Greenlee School graduate students celebrate Chinese New Year with faculty, staff


Tomhas Huhnke/Iowa State Daily

Terigele, a graduate student, performs a traditional dance from Chinese culture in part of the celebration at the Greenlee School of Journalism and Communication on Feb. 7. Students and faculty gathered to commemorate the Chinese New Year by eating and watching performances from a multitude of students. 

David Gerhold

It’s one of the happiest times at the Greenlee School of Journalism and Communication, said director Michael Bugeja. On Friday, Chinese graduate students celebrated the Chinese New Year with Greenlee faculty and staff for the fourth time at Iowa State. 

They presented their culture in a variety of activities and performances.
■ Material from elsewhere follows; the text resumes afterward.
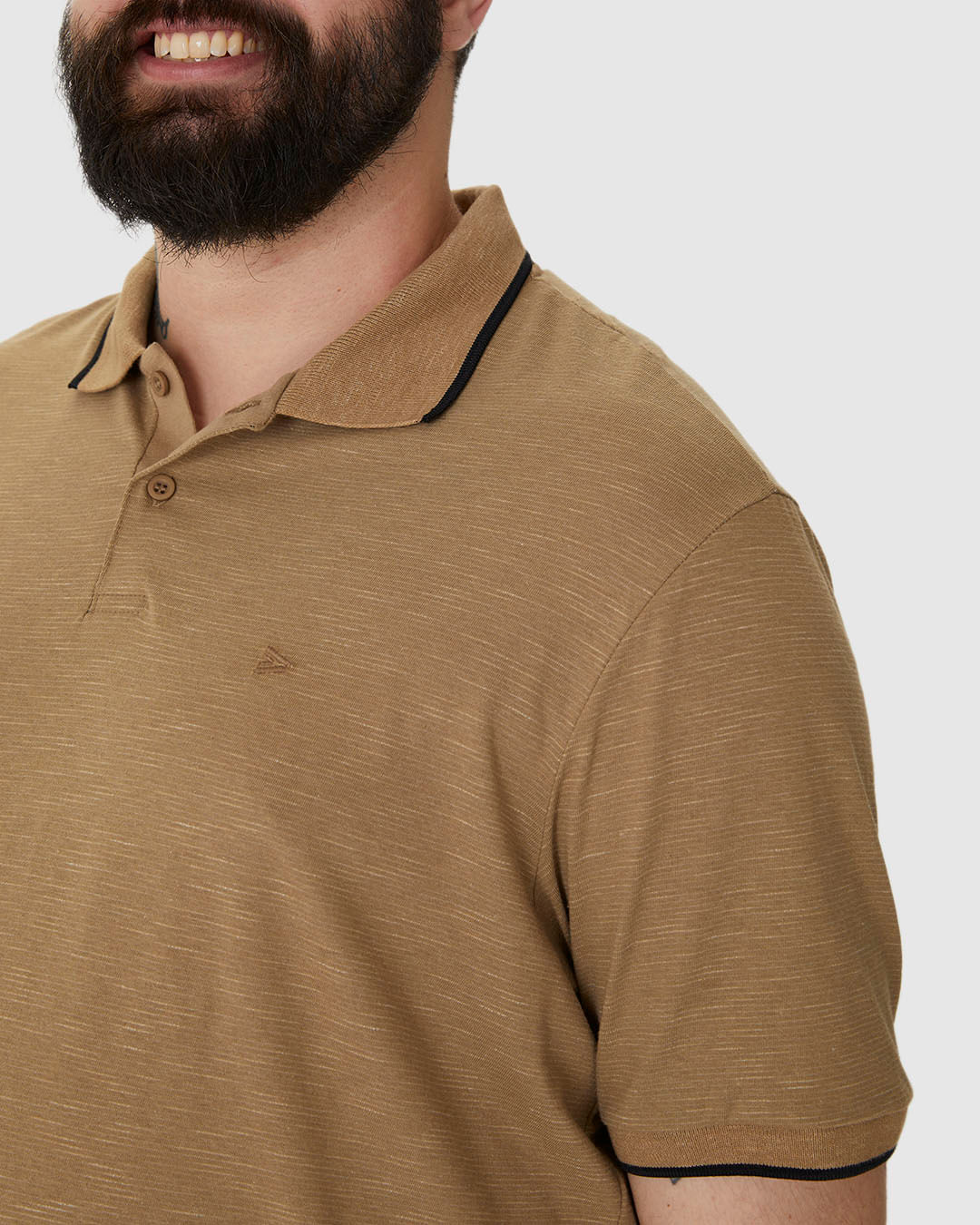 Camisa Polo Masculina Plus Size Abertura Lateral Em Malha Listrada Eco - Imagem 3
According to the lunar calendar, 2014 marks the “year of the horse,” which signifies power, victory and energy.

“We started this celebration four years ago, so that our Chinese students could feel more at home,” Bugeja said. “But what happened is that they really defined what home means for us.”
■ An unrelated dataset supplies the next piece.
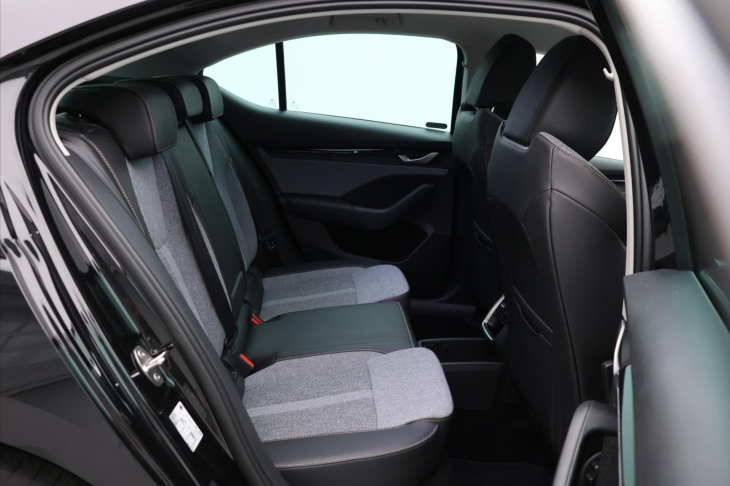 Škoda Octavia 2,0 TDI DSG Top Selection CZ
Bugeja said that the whole idea of cultural exchange for journalists is important, because they need to have a global world view.

“We can’t just cover the Hawkeyes and Iowa State, we need to cover the whole world,” Bugeja said. “The Chinese students share what our other students might do one day as reporters.”

The event opened with a video explaining the origins of Chinese New Year and Greenlee faculty members saying “Happy new year” in their respective native language.

The graduate students presented a variety of different poetry recitals and traditional Chinese songs, most of which originated in the 18th century.

Terigele, graduate student in journalism and mass communication, presented a Mongolian dance, dressed in a traditional dress, while graduate student Xiaowen Zhu focused on a Bai ethnic dance.

“There was some stuff I’ve never even seen before such as a performer who played on a two-stringed instrument,” Bugeja said. “He was astoundingly good and to hear all these different kinds of sounds out of an instrument like that is unbelievable and extremely fascinating.”

In between the performances, faculty and staff were invited to take part in various games such as a Chinese letter puzzle and “Guess Who I Am,” where they had to guess Chinese objects based on various hints.

In “Have It Right Away,” faculty members were encouraged to draw their wishes for the new year on a picture of a horse. Their wishes included world peace, money and happiness for their families.

“The Chinese words for ‘on the back of the horse’ can also mean ‘immediately’ or ‘right away,’” said Sicong Zhao, emcee of the event and graduate student in journalism and mass communication.

According to Chinese tradition, people draw their wishes on the back of a horse, when they want it to be fulfilled right away, Zhao said.

In the end, the audience had the opportunity to participate in Chinese cooking and make their own tangyuan, a traditional Chinese snack made out of sticky rice filled with glue pudding.

“I think everything went quite well, I’m glad to see all the people so happy, they enjoyed themselves,” said Shan Luo, graduate student in journalism and mass communication.

Luo said she would have preferred if everyone came in traditional Chinese costumes and clothing.

“Some of the first-year grad students came in their normal everyday clothes, so it would have made for a better feeling of being together and connected,” Luo said.

Daniela Dimitrova, associate professor in journalism and mass communication, and director of graduate education, said that she has been to all of the Chinese New Year celebrations.

“I’ve seen the progression. Every year, they have different games and different activities, so I feel like I’m learning something new about the Chinese culture every time,” Dimitrova said.